The Layerwise Shell Theory is used to model discretely stiffened laminated composite cylindrical shells for stress, vibration, pre-buckling and post-buckling analysis. The layerwise theory reduces a three-dimensional problem to a two-dimensional problem by expanding the three-dimensional displacement field as a function of a surface-wise two-dimensional displacement field and a one-dimensional interpolation through the shell thickness. Any required degree of accuracy can be obtained by an appropriate, independent selection of the one-dimensional interpolation functions through the thickness and the two-dimensional interpolation of the variables on the surface.

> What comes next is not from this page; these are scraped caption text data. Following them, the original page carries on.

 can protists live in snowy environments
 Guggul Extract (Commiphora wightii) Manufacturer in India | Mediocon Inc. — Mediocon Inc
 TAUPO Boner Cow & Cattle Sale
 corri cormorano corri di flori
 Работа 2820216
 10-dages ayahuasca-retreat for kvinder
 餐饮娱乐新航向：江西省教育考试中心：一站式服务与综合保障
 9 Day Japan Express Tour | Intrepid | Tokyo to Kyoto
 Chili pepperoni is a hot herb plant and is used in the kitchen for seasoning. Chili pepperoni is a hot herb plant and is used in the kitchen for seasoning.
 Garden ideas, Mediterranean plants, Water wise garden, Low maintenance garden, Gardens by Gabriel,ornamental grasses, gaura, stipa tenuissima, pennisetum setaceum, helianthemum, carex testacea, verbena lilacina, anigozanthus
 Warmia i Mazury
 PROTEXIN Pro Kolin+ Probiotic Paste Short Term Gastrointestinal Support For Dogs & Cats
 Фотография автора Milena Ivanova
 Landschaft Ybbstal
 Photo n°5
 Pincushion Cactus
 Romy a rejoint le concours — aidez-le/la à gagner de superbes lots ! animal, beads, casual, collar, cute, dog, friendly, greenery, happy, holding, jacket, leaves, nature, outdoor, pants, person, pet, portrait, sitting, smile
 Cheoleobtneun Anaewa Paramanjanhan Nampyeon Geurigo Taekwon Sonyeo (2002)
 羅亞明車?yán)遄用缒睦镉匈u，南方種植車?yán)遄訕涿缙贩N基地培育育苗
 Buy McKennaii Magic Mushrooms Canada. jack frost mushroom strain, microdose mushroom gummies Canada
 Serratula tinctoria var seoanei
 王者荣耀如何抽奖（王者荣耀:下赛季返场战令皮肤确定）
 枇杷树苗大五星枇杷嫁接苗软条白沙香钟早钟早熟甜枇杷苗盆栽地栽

Using a layerwise format, discrete axial and circumferential stiffeners are modeled as two-dimensional beam elements. Similar displacement fields are prescribed for both the stiffener and shell elements. The contribution of the stiffeners to the membrane stretching, bending and twisting stiffnesses of the laminated shell is accounted for by forcing compatibility of strains and equilibrium of forces between the stiffeners and the shell skin. The layerwise theory is also used to model initial imperfections of the unstressed configuration. A finite element scheme of the layerwise model is developed and applied here to investigate the effect of imperfections on the response of laminated cylindrical shells.

Using a finite element model of the layerwise theory for shells and shell stiffener elements, the accuracy and reliability of the elements is investigated through a wide variety of examples. The examples include laminated stiffened and unstiffened plates and shells and stand-alone beams under different types of external destabilizing loads. Finally, the study identifies the particular types of problems where the layerwise elements possess a clear advantage and superiority over the conventional equivalent single-layer models.